### Aim of the task
Below are records; the lines starting at the one with "Edelstahl Spritzbeutel-Tülle für" and ending at the one with "Vibrant Watercolor Splash" must be reproduced exactly, both included. Pictures must not appear.

### Data

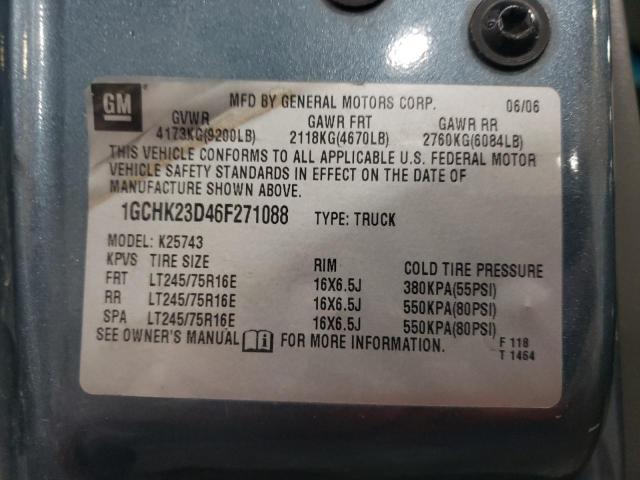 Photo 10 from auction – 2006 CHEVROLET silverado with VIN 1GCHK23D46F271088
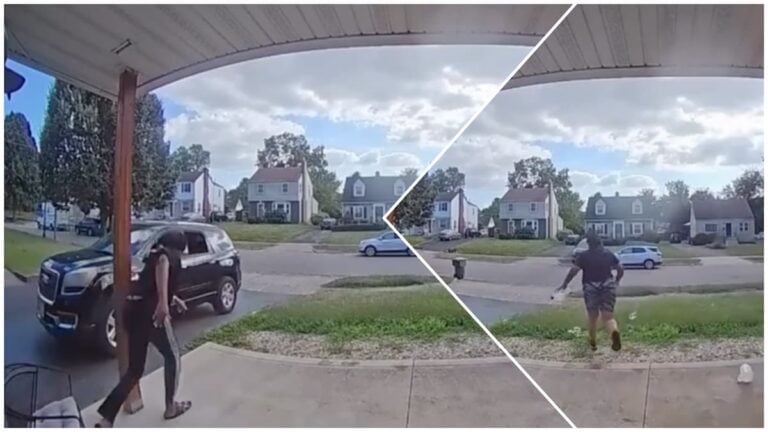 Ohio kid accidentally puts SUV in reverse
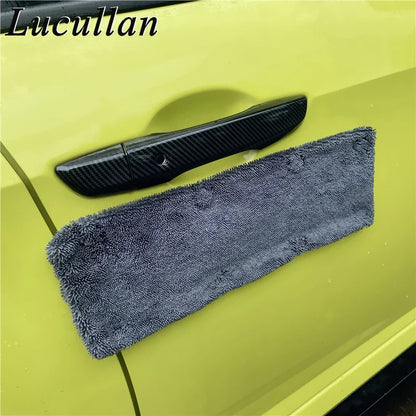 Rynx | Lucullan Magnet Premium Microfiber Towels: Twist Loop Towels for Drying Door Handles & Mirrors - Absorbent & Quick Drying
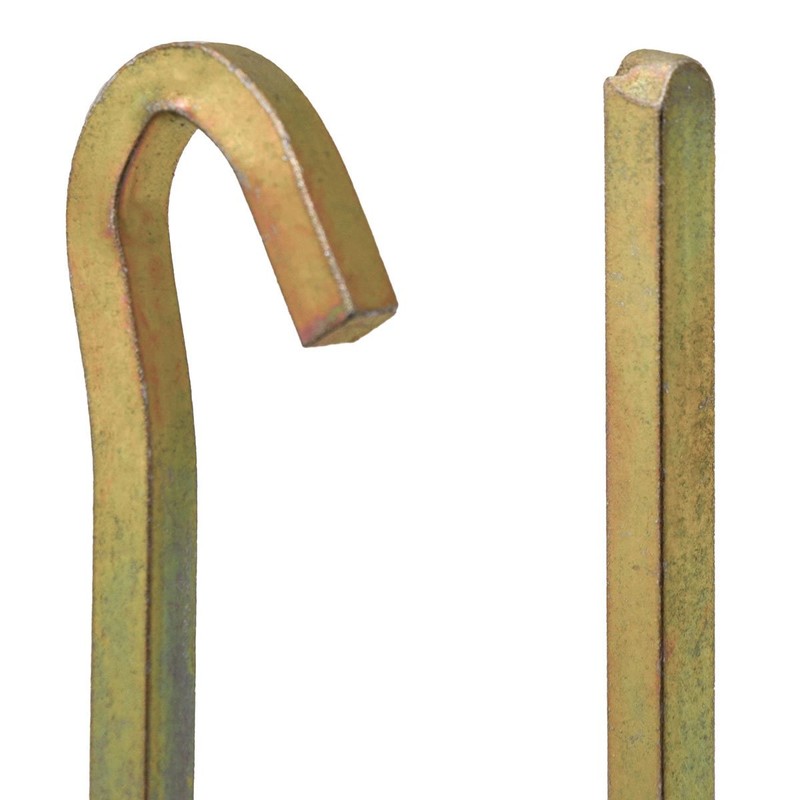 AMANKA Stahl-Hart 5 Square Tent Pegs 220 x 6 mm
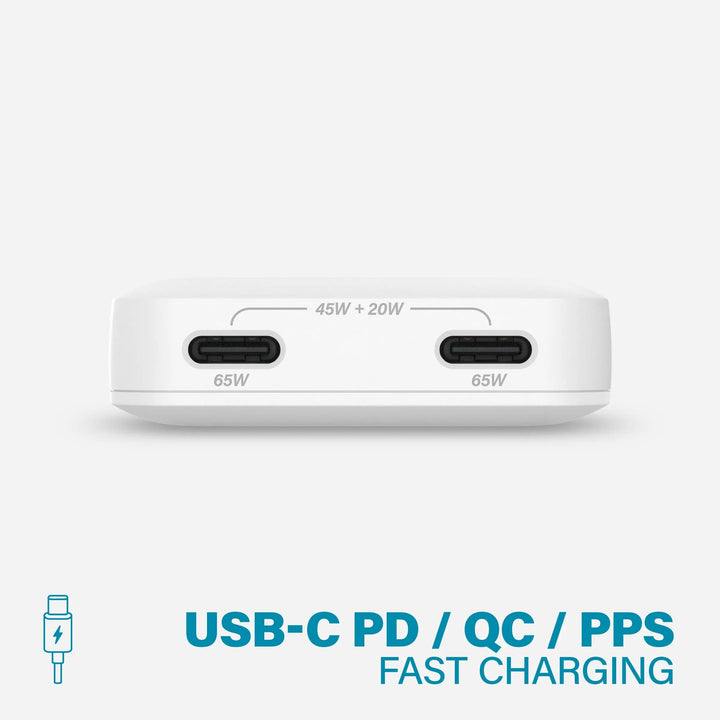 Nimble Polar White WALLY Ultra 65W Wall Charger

* * *

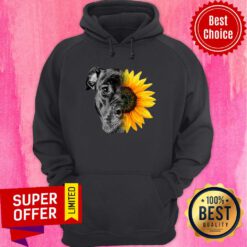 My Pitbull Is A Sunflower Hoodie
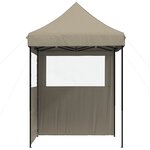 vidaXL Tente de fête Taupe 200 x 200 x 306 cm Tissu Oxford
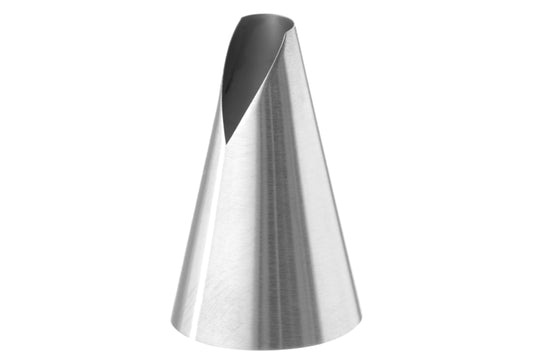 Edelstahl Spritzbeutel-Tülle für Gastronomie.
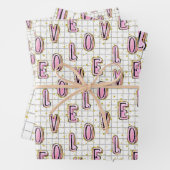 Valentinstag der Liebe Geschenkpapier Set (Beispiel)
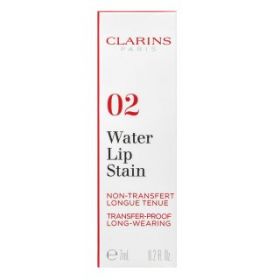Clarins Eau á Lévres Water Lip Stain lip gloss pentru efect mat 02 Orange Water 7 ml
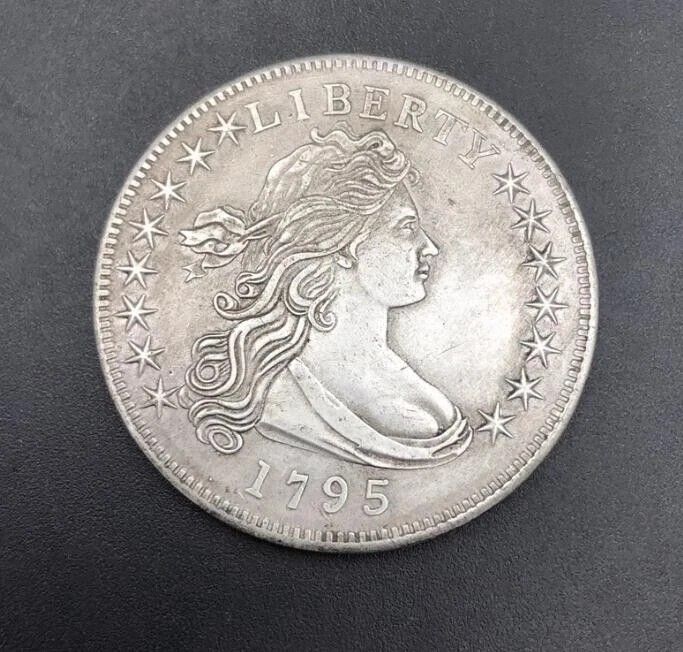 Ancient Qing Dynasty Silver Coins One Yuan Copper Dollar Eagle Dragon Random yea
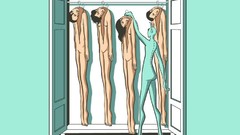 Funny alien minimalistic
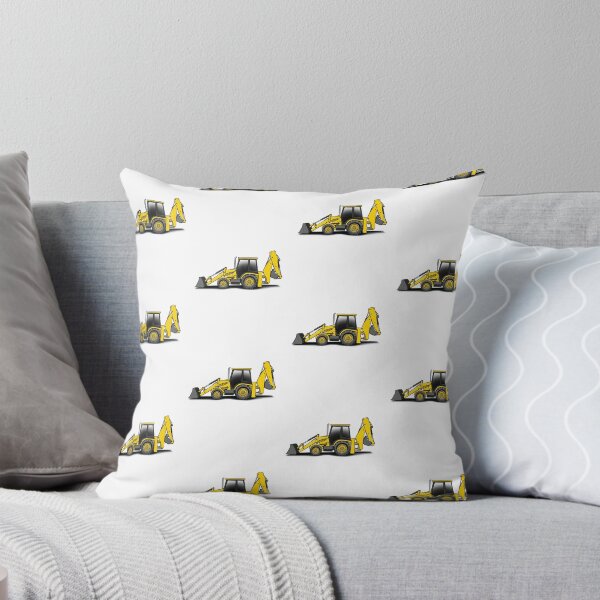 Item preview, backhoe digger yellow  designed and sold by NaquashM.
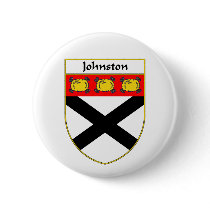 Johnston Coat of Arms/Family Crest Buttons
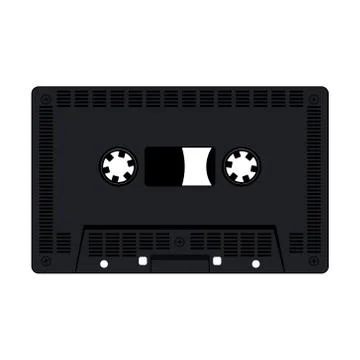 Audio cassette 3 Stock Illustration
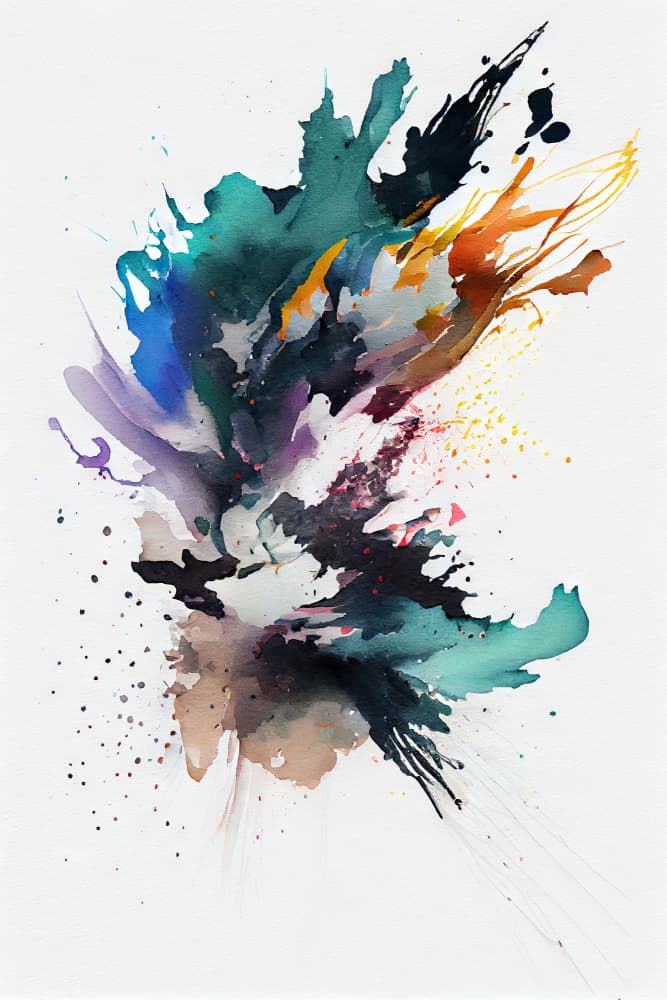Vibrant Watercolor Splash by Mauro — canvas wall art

### Solution below
 Edelstahl Spritzbeutel-Tülle für Gastronomie.
 Valentinstag der Liebe Geschenkpapier Set (Beispiel)
Clarins Eau á Lévres Water Lip Stain lip gloss pentru efect mat 02 Orange Water 7 ml
 Ancient Qing Dynasty Silver Coins One Yuan Copper Dollar Eagle Dragon Random yea
 Funny alien minimalistic
 Item preview, backhoe digger yellow  designed and sold by NaquashM.
 Johnston Coat of Arms/Family Crest Buttons
 Audio cassette 3 Stock Illustration
Vibrant Watercolor Splash by Mauro — canvas wall art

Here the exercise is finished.